Adding additional U.S. exports to the mix will simply put added restraint on price, thereby making revenues (and company profits) less interesting.

True, the regional and spot prices for oil in other parts of the world are higher than in the American domestic market. Yet that in itself will not entice massive exports given the added expense of transport and storage.

But what the end of the ban does do in the longer term is quite significant.

The New Law Will Strengthen U.S. Oil Companies in the Long Term

The end of the ban will allow U.S. companies to play a wider field, factor in broader international factors when structuring ongoing operations (which may even bring some welcome respite to the current energy debt crunch), and balance demand in ways impossible without exporting.

It may well also open new end-user opportunities in mixing inferior grades of crude produced elsewhere for better sale – thereby making the importing of lighter American crude of interest even to nations primarily relying on heavier oil for their own exports (OPEC member Venezuela comes readily to mind here).

But the main advantage of lifting the export ban is this.

It will allow the U.S. private oil sector to offset there being no U.S. national state-run oil companies.
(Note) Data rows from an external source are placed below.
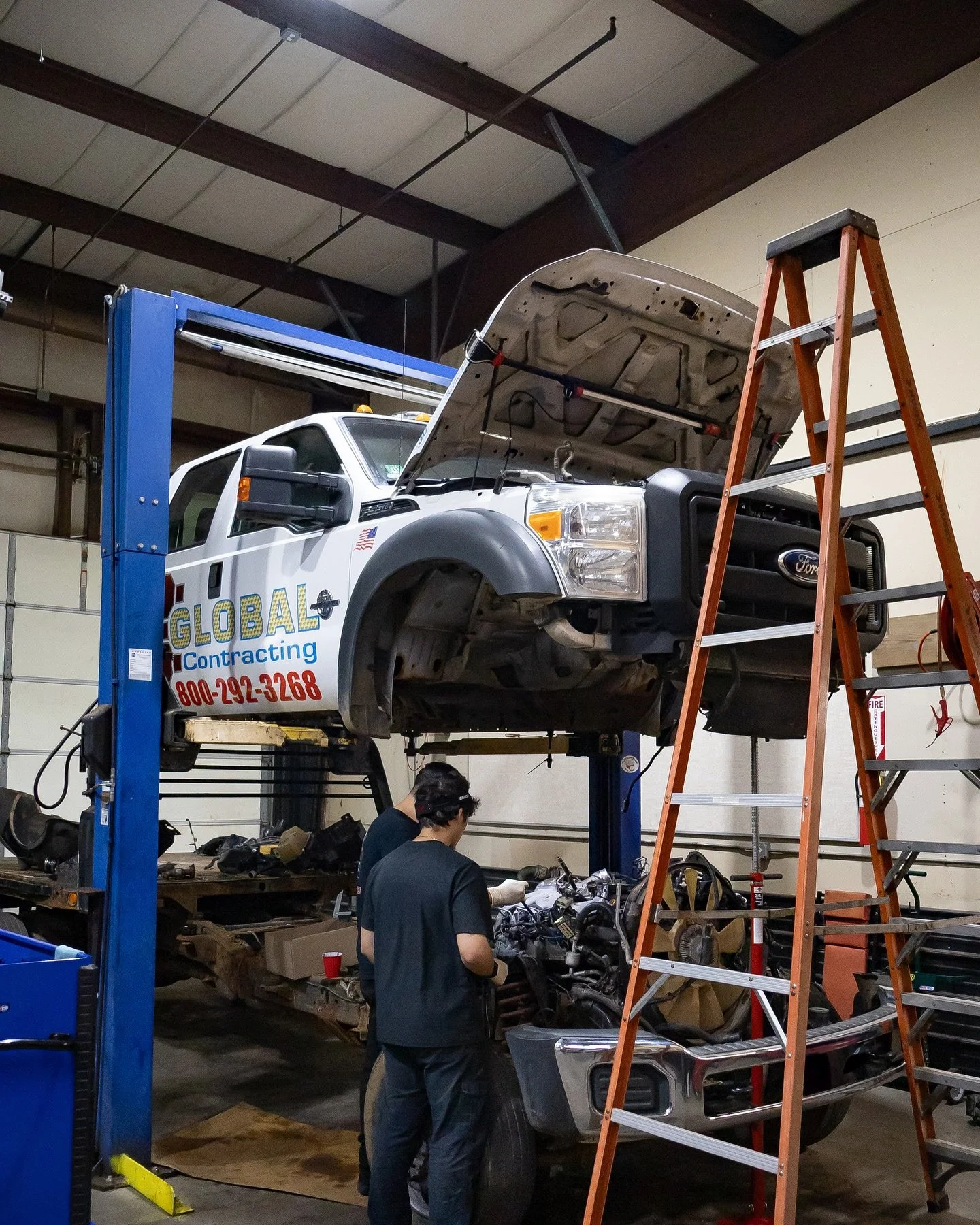 Customer happiness is what we aim for at Fano Automotive! 😊
Our team is always working hard to get every detail right. 🛠️
Got questions or need service?
Call us at (973) 891-3137 or visit us at 94 E Dewey Ave, Wharton, NJ 07885.
We’re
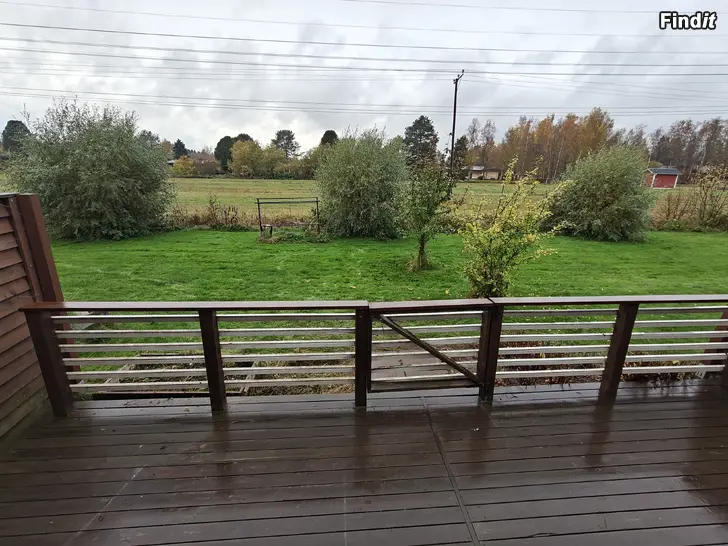 Uthyres Lägenhet Edsevö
Every OPEC nation has a centrally-determined oil strategy because the government controls the industry. America does not.

Instead, we lead the world in what can be accomplished with private property and profit incentive, with a fair amount of entrepreneurial skill for good measure.

That will be the difference in a master fight of global proportions just getting under way in the energy sector. As always, I’ll bring you more as this fight develops.